As the research is non-evasive and defined as less than minimal psychological and physical risk I am proposing the passive consent method. This would be in accordance with school policy for the use of photographs taken at school events, etc. All gatekeepers are happy with my approach

This has been questioned by my ethics committee who are looking for active consent. The big problem being that return rates for active consent in schools could be lower than 50% and will present a significant administration burden to the schools who have provided access by good will.

All comments are welcome.

Comments

  • eric

    July 22, 2015

    Thanks for posing this question to the Forum. Consent remains one of the most heavily debated topics in research involving children. Informed, active consent is usually recommended. However, in your context it will clearly be very difficult to observe typical fire evacuation procedures if you are only able to observe a small number of pupils. And as you note, your research would generally be considered low risk to participants, provided any video footage is gathered viewed, stored and destroyed respectfully and securely.
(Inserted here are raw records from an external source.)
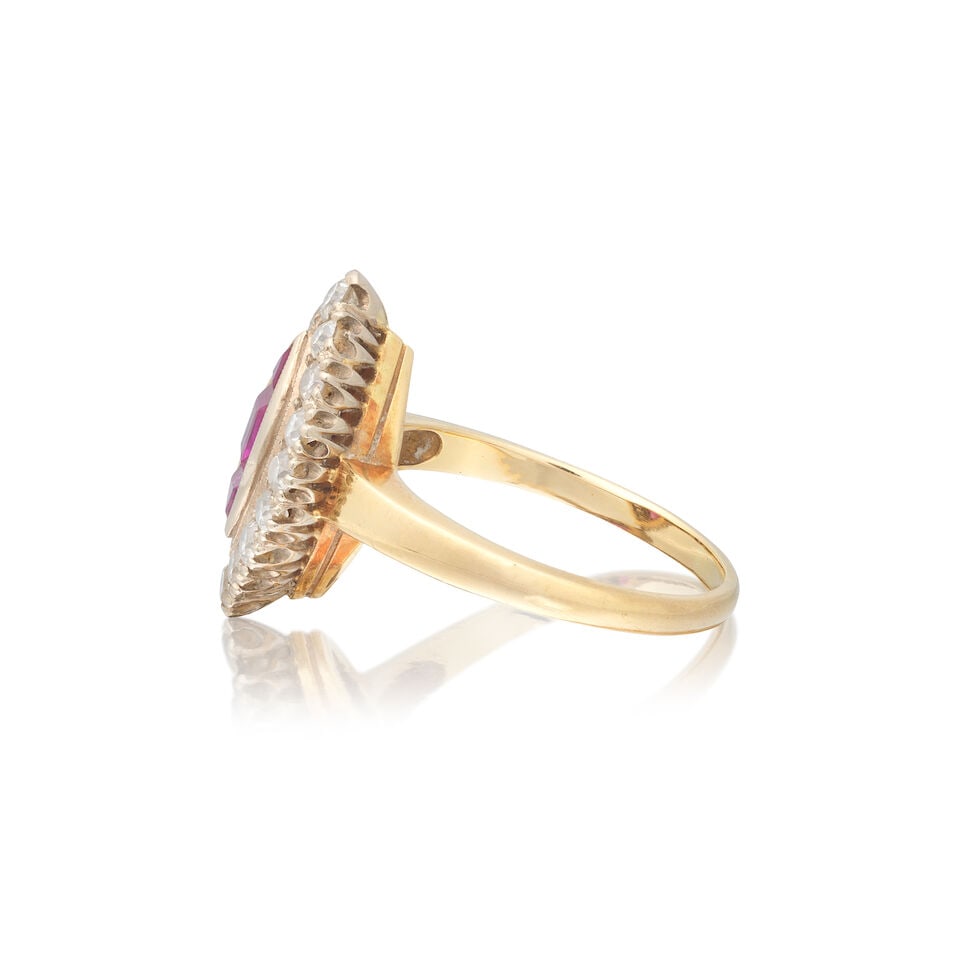 RUBY AND DIAMOND NAVETTE RING - 3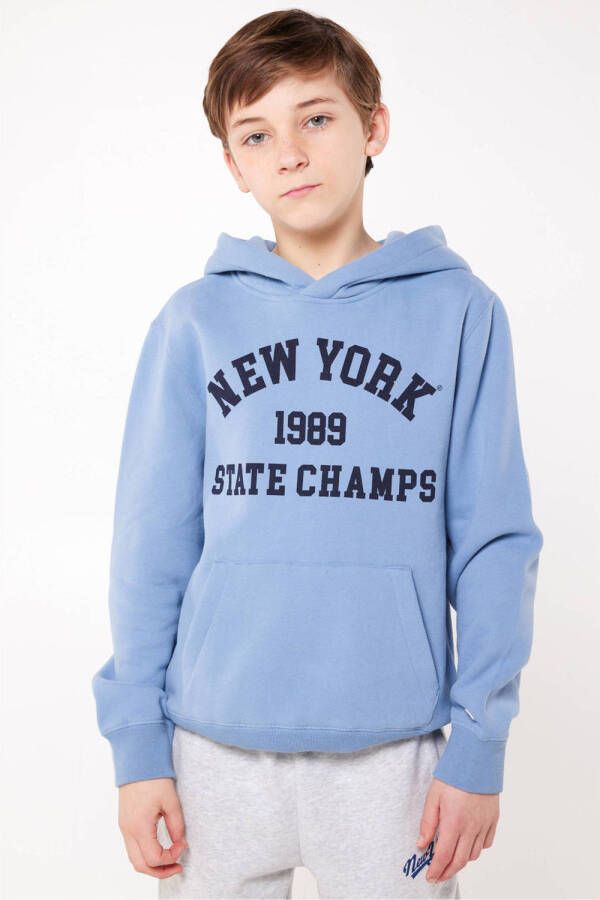 America Today hoodie Seth hood Jr met printopdruk lichtblauw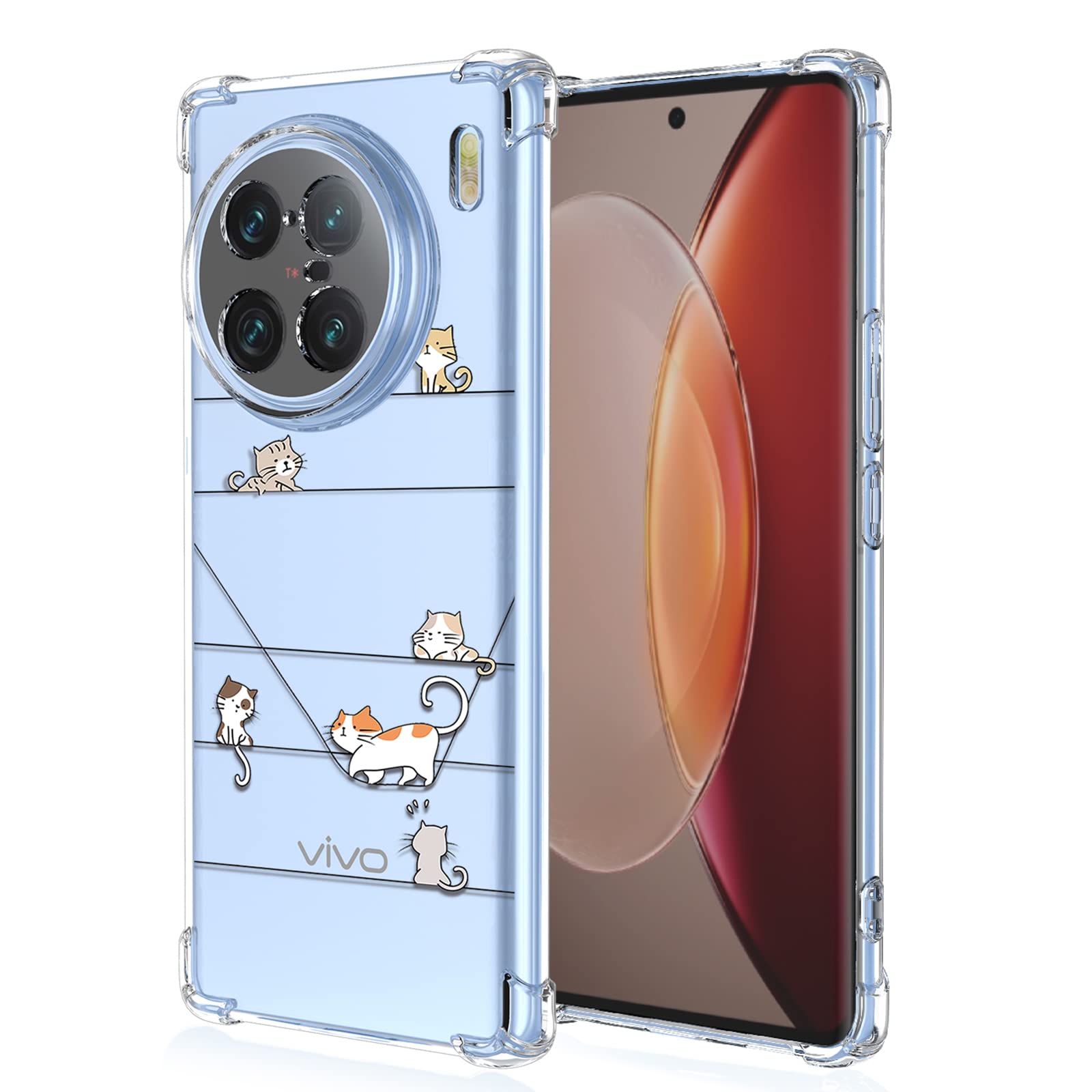 XINYEXIN Case for Vivo X90 Pro+ (Vivo X90 Pro Plus), Painting Flower Pattern Clear Case Soft TPU Silicone Case Slim Shockproof Bumper Girl Women Phone Cover - Kitten — image 1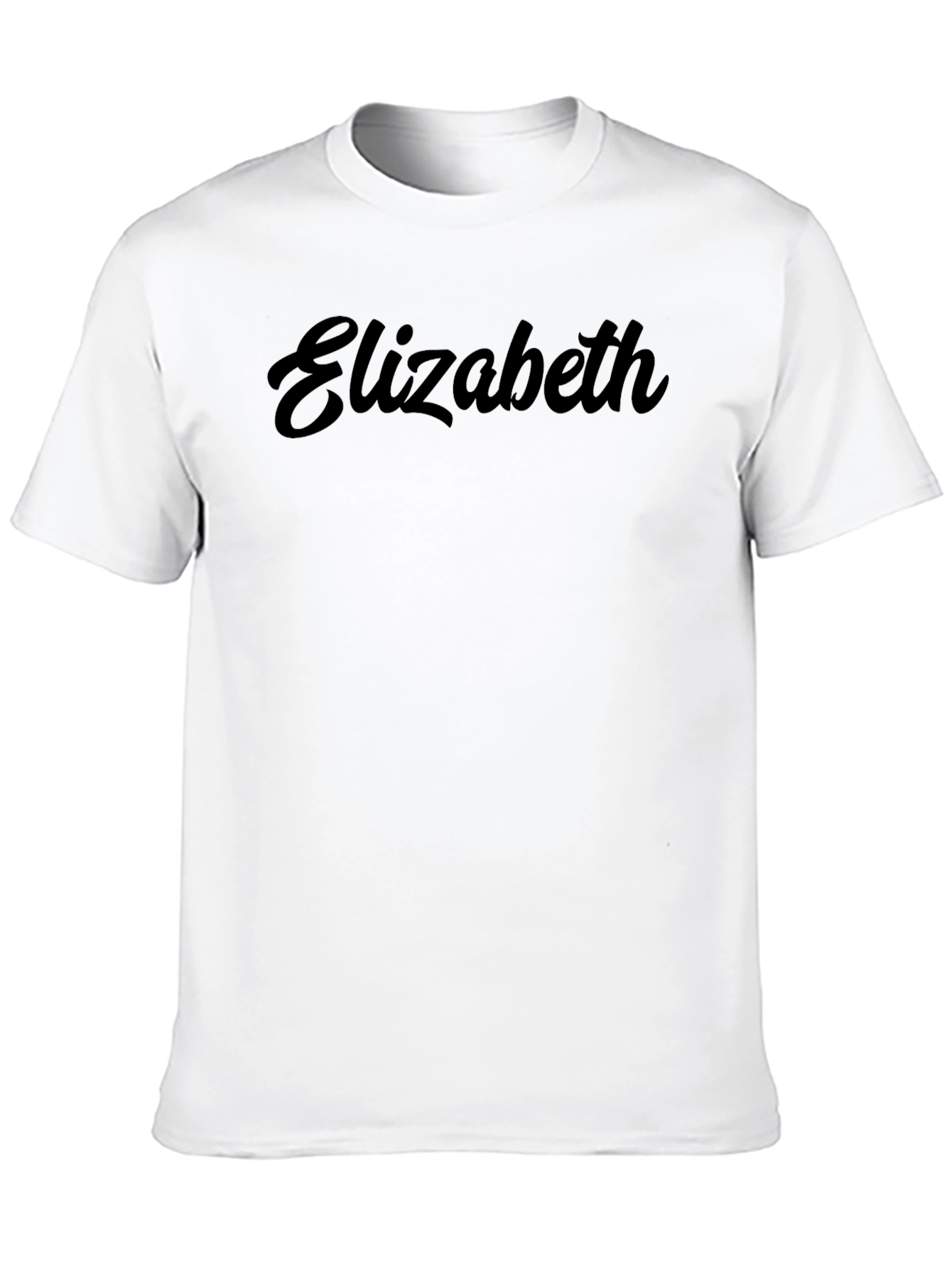 Black Elizabeth Script T-Shirt - Classic Black Tee view 10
Perhaps your Ethics Review Board is asking you simply to more fully justify your choice of passive consent to ensure you have fully considered the ethical implications (rather than just the practical implications)? You could look over the Informed Consent and Getting Started sections of the ERIC compendium for further advice. These might also act as a useful tool for further discussion with your Ethics Review Board.

  • Julia Truscott

    August 1, 2015

    Another way you could perhaps try to approach this, which helps to honour the UN convention on the rights of the child, might be to seek passive parental consent to approach the children themselves to seek active consent. So create an information sheet for parents about the study with an ‘opt-out’ form. At school, ahead of time and / or on the day of the research, you would then discuss the study with each class and seek active verbal or written consent from all children whose parents have not ‘opted out’. What do others think?